→ Work required
Each line of the listing that holds "With" counts once; report how many there are, and nothing more.

- Opening Delimiter -

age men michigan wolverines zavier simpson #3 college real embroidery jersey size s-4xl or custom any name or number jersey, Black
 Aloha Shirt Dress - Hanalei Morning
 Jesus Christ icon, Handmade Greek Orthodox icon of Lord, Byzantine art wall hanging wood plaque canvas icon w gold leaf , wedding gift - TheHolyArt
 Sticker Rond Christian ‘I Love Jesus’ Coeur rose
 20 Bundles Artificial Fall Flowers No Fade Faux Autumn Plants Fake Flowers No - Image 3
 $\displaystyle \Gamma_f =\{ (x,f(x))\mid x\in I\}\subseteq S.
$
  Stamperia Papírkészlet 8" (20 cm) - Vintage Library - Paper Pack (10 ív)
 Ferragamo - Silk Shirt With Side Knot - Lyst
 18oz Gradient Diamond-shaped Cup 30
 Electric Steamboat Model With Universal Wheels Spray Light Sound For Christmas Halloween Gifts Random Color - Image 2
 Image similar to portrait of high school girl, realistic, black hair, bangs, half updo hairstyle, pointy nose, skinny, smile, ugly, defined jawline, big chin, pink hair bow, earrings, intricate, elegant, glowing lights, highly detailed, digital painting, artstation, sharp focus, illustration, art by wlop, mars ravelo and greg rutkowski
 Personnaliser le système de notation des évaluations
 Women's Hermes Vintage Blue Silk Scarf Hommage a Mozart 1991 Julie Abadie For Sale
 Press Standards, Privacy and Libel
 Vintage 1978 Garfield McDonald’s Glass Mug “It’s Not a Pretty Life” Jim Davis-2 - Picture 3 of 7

- Closing Delimiter -

→ Response
2